Home | About | Sematext search-lucene.com search-hadoop.com
 Search Hadoop and all its subprojects:

Switch to Threaded View
HBase >> mail # user >> HBaseClient recovery from .META. server power down


Copy link to this message
-
Re: HBaseClient recovery from .META. server power down
By "power down" below, I mean powering down the host with the RS that
holds the .META. table. (So - essentially, the host IP is unreachable
and the RS/DN is gone.)

Just wanted to clarify my below steps ...
--S

On Mon, Jul 2, 2012 at 5:36 PM, Suraj Varma <[EMAIL PROTECTED]> wrote:
> Hello:
> We've been doing some failure scenario tests by powering down a .META.
> holding region server host and while the HBase cluster itself recovers
> and reassigns the META region and other regions (after we tweaked down
> the default timeouts), our client apps using HBaseClient take a long
> time to recover.
>
> hbase-0.90.6 / cdh3u4 / JDK 1.6.0_23
>
> Process:
> 1) Apply load via client app on HBase cluster for several minutes
> 2) Power down the region server holding the .META. server
> 3) Measure how long it takes for cluster to reassign META table and
> for client threads to re-lookup and re-orient to the lesser cluster
> (minus the RS and DN on that host).
>
> What we see:
> 1) Client threads spike up to maxThread size ... and take over 35 mins
> to recover (i.e. for the thread count to go back to normal) - no calls
> are being serviced - they are all just backed up on a synchronized
> method ...
>
> 2) Essentially, all the client app threads queue up behind the
> HBaseClient.setupIOStreams method in oahh.ipc.HBaseClient
> (http://grepcode.com/file/repo1.maven.org/maven2/org.apache.hbase/hbase/0.90.2/org/apache/hadoop/hbase/ipc/HBaseClient.java#312).
> http://tinyurl.com/7js53dj
>
> After taking several thread dumps we found that the thread within this
> synchronized method was blocked on
>    NetUtils.connect(this.socket, remoteId.getAddress(), getSocketTimeout(conf));
>
> Essentially, the thread which got the lock would try to connect to the
> dead RS (till socket times out), retrying, and then the next thread
> gets in and so forth.
>
> Solution tested:
> -------------------
> So - the ipc.HBaseClient code shows ipc.socket.timeout default is 20s.
> We dropped this down to a low number (1000 ms,  100 ms, etc) and the
> recovery was much faster (in a couple of minutes).
>
> So - we're thinking of setting the HBase client side hbase-site.xml
> with an ipc.socket.timeout of 100ms.
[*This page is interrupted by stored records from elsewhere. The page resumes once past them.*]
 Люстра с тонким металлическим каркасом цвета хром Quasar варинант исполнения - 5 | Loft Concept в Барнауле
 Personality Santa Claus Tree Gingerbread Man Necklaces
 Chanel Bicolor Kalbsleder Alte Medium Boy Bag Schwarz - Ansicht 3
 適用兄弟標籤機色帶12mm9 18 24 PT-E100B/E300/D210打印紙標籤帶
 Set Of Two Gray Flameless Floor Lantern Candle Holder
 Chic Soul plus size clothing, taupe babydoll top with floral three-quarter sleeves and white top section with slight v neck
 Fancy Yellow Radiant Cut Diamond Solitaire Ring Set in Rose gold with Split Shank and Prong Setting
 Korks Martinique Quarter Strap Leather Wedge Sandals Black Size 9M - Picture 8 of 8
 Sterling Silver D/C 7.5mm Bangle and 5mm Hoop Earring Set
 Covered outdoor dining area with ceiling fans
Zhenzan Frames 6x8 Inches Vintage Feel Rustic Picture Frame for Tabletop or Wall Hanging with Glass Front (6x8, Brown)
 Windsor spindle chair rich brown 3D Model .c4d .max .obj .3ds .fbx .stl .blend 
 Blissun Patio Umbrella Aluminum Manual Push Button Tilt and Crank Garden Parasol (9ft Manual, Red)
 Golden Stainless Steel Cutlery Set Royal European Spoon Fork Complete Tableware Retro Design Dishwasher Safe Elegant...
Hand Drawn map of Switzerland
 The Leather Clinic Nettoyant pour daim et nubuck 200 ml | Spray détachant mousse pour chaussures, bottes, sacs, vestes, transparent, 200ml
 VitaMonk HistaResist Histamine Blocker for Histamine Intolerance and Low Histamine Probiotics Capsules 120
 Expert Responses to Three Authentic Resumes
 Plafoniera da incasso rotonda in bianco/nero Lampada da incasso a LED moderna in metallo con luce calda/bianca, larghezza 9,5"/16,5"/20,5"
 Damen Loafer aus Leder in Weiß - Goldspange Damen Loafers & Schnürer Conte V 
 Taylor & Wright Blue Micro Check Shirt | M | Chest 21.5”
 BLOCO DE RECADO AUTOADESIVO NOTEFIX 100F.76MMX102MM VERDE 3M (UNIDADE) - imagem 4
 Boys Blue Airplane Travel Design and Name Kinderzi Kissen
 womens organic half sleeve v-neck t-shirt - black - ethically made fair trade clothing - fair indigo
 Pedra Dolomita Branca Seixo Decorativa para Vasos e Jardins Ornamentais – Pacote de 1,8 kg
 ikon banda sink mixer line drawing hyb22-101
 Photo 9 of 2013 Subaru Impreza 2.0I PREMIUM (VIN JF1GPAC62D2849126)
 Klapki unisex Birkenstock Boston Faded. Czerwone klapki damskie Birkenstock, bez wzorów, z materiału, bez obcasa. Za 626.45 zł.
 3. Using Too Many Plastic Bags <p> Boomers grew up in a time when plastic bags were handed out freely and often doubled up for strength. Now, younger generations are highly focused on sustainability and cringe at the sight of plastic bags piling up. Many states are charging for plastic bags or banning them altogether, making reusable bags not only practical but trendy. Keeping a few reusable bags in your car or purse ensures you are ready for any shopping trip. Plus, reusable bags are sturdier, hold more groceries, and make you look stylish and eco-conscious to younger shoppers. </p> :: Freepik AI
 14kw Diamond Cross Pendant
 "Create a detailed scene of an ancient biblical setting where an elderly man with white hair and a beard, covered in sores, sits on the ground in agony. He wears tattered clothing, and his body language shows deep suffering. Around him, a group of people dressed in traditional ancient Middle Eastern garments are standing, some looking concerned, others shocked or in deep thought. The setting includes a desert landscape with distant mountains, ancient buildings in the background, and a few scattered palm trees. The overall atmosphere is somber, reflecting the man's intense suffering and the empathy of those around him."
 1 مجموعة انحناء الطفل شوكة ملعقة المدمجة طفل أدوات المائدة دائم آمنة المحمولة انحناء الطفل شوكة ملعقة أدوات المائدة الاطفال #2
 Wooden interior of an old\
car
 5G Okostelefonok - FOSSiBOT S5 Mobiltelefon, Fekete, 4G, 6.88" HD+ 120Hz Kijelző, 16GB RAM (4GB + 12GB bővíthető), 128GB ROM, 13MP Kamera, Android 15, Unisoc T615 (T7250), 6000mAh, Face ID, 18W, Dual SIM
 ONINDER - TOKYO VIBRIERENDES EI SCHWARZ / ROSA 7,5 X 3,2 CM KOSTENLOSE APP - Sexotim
Looking at the code, it appears
> that this is only ever used during the initial "HConnection" setup via
> the NetUtils.connect and should only ever be used when connectivity to
> a region server is lost and needs to be re-established. i.e it does
> not affect the normal "RPC" actiivity as this is just the connect
> timeout.
>
> Am I reading the code right? Any thoughts on how whether this is too
> low for comfort? (Our internal tests did not show any errors during
> normal operation related to timeouts etc ... but, I just wanted to run
> this by the experts.).
>
> Note that this above timeout tweak is only on the HBase client side.
> Thanks,
> --Suraj